-- GIVEN DATA follows --

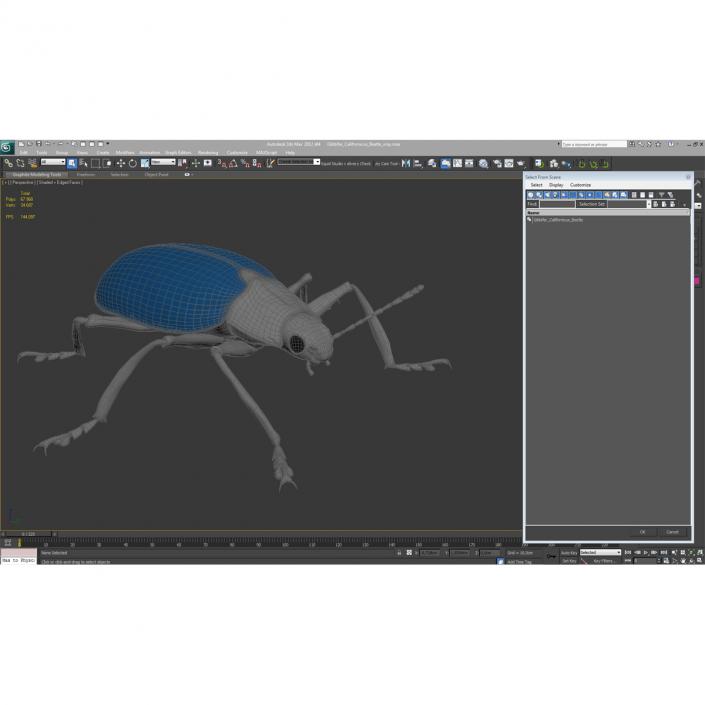 3D Gibbifer Californicus Beetle model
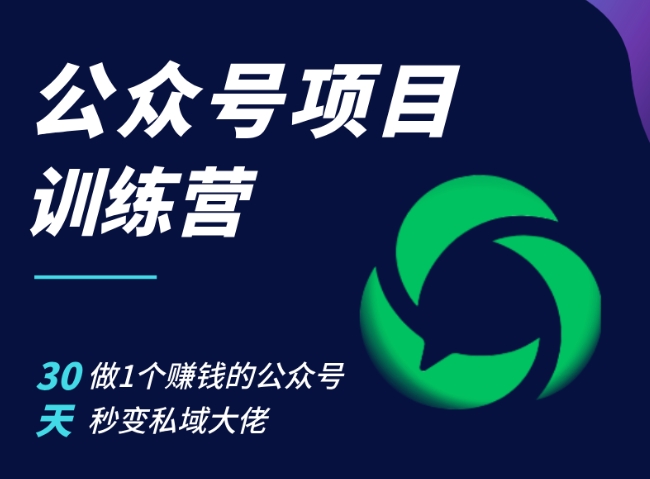 公众号项目训练营，30天做1个赚钱的公众号，秒变私域大佬-点子口袋网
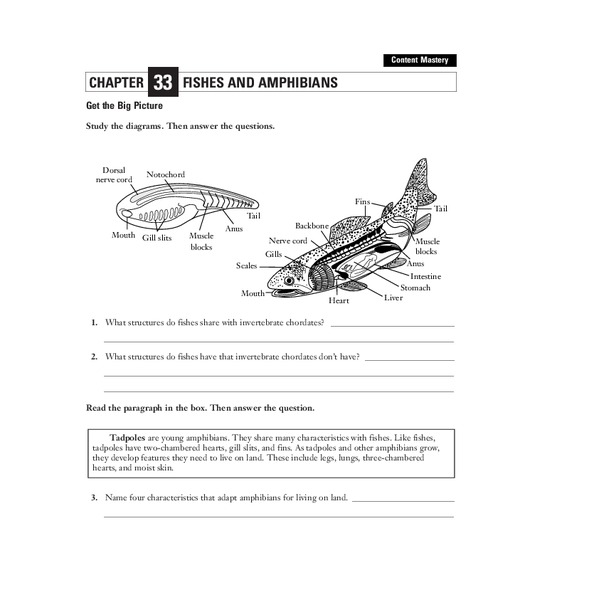 Fishes and Amphibians Worksheet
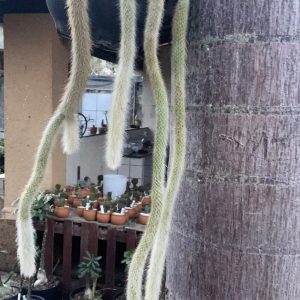 3009 01 Cacto Rabo de Macaco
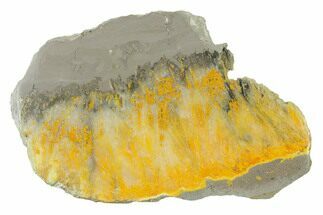 Polished Bumblebee Jasper Slab - Indonesia #338305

-- GIVEN DATA concluded --

PROBLEM TO SOLVE :: Only the lines from the one holding "3009 01 Cacto Rabo de Macaco" through the end of the records belong in the answer, copied exactly and without pictures.

REPLY ::
 3009 01 Cacto Rabo de Macaco
 Polished Bumblebee Jasper Slab - Indonesia #338305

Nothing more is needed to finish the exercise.